Exercise goal. The lines to return are those below that contain the word "straight".

(Stored data)
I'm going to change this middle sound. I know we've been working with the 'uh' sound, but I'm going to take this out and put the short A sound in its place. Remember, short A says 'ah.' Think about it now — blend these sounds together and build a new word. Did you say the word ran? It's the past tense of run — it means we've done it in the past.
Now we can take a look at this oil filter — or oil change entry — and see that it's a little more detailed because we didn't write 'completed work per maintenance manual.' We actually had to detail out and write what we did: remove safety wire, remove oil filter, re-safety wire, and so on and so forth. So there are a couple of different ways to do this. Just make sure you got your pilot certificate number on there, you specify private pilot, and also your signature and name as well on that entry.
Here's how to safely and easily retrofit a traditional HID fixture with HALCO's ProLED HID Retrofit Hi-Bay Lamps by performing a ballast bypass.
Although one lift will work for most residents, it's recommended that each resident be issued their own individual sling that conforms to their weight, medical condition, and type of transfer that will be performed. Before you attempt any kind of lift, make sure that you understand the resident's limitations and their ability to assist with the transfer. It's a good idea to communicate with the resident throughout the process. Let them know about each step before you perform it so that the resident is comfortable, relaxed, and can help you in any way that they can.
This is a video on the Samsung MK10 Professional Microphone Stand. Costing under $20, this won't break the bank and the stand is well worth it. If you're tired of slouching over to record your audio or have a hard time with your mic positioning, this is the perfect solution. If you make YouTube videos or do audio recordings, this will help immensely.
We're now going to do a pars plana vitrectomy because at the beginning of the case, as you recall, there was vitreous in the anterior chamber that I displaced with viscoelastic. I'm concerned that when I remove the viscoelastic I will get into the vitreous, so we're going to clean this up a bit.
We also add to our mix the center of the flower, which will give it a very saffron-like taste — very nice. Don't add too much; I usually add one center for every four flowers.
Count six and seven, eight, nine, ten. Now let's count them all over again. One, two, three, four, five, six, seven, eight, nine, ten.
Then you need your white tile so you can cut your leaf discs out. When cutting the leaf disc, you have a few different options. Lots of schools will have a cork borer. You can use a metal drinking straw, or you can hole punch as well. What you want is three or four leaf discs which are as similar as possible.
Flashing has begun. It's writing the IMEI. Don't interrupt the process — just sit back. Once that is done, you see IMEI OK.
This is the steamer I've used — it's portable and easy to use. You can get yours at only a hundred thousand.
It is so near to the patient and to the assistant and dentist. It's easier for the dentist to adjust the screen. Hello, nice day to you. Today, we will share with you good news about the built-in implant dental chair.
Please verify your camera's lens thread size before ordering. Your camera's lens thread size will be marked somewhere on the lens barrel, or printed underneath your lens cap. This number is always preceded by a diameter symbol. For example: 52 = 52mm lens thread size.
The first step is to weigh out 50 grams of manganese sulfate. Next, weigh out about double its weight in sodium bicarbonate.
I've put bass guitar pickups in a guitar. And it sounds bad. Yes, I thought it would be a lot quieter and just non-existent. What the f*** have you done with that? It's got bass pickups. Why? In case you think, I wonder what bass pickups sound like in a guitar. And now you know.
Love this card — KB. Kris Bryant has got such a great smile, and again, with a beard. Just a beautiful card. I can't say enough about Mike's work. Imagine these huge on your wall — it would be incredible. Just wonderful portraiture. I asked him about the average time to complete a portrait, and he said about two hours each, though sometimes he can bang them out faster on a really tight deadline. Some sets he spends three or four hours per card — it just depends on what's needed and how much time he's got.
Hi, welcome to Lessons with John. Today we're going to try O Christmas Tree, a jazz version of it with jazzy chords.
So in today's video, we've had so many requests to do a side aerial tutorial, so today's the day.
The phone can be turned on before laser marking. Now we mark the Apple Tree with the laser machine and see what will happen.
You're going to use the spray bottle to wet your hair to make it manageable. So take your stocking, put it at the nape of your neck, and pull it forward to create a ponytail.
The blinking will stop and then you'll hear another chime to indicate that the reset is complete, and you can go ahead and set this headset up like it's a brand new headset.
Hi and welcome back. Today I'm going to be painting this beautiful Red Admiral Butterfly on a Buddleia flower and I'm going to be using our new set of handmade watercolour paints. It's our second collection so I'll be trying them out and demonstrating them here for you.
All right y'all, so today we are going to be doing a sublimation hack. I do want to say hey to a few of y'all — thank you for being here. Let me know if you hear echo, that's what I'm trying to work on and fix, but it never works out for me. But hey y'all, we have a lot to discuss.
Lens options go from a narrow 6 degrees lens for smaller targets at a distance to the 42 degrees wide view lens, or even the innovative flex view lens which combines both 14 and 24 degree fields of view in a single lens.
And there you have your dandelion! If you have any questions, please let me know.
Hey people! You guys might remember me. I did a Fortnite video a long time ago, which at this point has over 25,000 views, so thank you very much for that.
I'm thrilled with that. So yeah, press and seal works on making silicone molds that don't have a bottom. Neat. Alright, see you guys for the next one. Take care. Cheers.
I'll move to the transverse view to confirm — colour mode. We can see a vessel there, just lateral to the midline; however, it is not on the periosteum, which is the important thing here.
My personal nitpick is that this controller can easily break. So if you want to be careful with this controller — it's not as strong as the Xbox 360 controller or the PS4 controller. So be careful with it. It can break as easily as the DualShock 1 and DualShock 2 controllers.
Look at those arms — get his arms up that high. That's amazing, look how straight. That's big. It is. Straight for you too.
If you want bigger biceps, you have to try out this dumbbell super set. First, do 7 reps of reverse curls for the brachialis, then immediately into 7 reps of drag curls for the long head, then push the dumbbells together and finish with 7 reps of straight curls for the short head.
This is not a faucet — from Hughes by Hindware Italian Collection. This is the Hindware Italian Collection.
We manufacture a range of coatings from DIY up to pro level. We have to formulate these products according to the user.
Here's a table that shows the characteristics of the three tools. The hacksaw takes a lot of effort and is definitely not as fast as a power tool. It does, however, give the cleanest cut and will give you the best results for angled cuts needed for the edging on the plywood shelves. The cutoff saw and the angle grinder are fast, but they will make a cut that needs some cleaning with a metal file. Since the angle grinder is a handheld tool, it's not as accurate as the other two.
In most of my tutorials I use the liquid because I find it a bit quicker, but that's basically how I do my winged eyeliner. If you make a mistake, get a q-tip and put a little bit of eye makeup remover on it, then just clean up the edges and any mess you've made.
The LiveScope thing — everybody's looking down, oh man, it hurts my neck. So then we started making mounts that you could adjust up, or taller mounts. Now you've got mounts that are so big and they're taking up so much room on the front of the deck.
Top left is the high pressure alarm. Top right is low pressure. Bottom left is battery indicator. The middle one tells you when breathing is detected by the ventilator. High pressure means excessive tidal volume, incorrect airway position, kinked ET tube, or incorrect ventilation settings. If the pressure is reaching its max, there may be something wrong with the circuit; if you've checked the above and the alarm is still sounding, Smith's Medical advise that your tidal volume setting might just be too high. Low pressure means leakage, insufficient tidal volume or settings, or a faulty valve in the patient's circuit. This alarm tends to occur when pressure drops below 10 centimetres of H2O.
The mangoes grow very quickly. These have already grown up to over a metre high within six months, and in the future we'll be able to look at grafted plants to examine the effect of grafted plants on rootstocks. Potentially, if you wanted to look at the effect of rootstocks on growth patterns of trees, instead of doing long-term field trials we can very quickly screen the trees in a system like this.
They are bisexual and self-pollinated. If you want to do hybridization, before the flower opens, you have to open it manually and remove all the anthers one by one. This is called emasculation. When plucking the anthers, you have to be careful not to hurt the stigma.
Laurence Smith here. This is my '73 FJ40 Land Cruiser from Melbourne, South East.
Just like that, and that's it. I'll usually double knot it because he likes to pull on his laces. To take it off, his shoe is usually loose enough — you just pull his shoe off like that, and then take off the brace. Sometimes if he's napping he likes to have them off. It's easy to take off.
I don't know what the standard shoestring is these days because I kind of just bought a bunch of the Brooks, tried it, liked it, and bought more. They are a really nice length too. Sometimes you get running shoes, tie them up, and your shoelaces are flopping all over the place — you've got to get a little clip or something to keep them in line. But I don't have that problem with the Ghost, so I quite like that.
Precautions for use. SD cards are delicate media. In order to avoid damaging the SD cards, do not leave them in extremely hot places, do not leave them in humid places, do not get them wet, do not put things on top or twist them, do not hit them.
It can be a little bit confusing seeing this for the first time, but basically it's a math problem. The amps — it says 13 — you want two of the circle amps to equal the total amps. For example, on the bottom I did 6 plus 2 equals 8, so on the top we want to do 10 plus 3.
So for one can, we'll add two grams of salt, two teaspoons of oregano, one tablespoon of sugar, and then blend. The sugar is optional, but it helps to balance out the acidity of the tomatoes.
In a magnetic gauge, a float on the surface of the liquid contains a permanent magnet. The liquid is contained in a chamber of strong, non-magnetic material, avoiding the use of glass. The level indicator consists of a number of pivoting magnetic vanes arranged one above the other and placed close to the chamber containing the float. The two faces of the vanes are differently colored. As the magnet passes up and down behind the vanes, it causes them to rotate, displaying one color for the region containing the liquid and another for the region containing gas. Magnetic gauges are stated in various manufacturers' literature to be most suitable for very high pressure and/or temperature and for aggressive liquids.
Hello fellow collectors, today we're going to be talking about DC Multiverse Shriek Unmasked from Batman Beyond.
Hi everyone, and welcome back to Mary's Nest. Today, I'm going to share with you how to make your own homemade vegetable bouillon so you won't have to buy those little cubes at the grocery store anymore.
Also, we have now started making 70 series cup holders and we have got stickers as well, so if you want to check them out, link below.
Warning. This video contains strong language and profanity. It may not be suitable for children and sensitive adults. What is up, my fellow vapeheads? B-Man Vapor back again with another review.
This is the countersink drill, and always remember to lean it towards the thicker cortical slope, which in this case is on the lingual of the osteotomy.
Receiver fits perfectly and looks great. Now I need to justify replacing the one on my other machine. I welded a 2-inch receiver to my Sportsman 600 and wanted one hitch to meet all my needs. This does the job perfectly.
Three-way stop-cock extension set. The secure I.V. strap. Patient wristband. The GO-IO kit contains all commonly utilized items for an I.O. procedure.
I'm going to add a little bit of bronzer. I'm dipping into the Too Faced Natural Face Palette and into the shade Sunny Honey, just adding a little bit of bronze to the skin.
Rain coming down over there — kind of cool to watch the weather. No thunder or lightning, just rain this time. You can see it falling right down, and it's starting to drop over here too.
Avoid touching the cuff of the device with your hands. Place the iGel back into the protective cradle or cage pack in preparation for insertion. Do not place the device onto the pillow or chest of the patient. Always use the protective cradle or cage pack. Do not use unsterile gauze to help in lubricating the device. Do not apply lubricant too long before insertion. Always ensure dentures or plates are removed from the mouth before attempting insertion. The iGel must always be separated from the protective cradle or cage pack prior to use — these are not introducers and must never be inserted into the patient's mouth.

Task output.
Look at those arms — get his arms up that high. That's amazing, look how straight. That's big. It is. Straight for you too.
If you want bigger biceps, you have to try out this dumbbell super set. First, do 7 reps of reverse curls for the brachialis, then immediately into 7 reps of drag curls for the long head, then push the dumbbells together and finish with 7 reps of straight curls for the short head.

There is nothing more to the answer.